September 2, 2012
The electoral map looks better for Obama than you think
Vtgenie at DailyKos has an interesting analysis of Nate Silver‘s latest state-by-state polling numbers. (Nate Silver is, of course, the Eric Clapton of poll analysts.)
Here’s VTgenie’s explanation:
…starting with states that each candidate is guarranteed to win, work your way down the probabilities adding electoral votes as you go. So for example, Obama currently is given a 100% chance of winning nine states (go Vermont!) and Maine, district 1, followed by 11 states between 90 and 100%, ending at Pennsylvania with 91%. Assuming Obama will win all of these, we proceed through the next four states, all between 70 and 80%, ending with Ohio at 71% for a total of 275 electoral votes.
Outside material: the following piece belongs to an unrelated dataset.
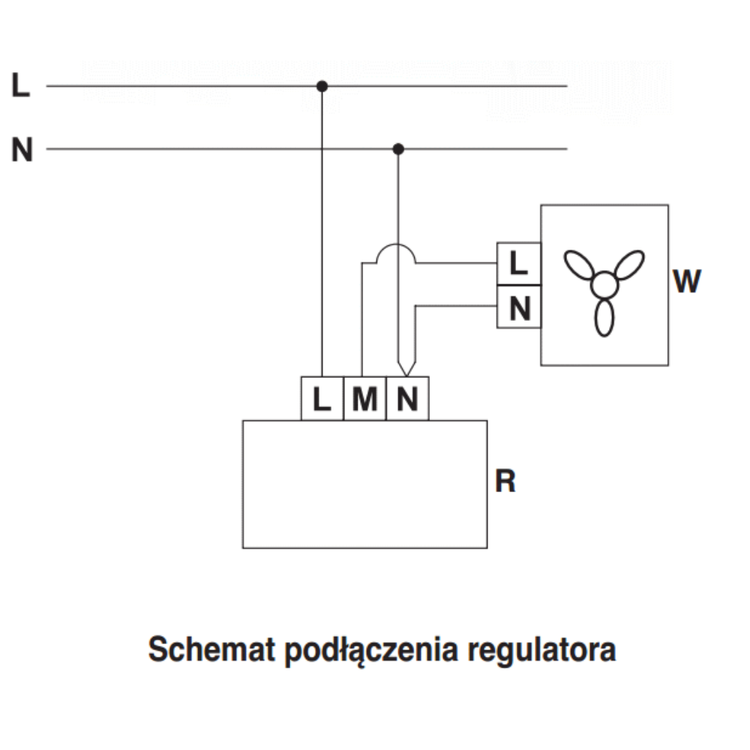 Regulator prędkości do wentylatorów 1-fazowy RS-1-400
Notice that to get to 270, using only Obama’s highest probability states, we never had to use a state with lower than 70%. On the other hand, doing the same process for Romney, using only his highest probability states, he has to use states for which he has a less than 50% chance of winning– in some cases, much less. Put another way, the easiest path to 270 for Romney– in terms of current probabilities– runs through three states between 30 and 40%, ending with Ohio, at only a 29% chance of winning. That’s gotta hurt.
But wait! There’s more…
While Romney has no path to victory using states where his chance of winning is greater than 50%, Obama has not just one but many such paths.
I can’t make it any clearer than that.
VTgenie notes that of course this depends on the accuracy of Nate Silver’s numbers, and things may change, etc. But it seemed trenchant to me. Of course, my math skills do not allow me to have an opinion. Is VTgenie’s analysis right?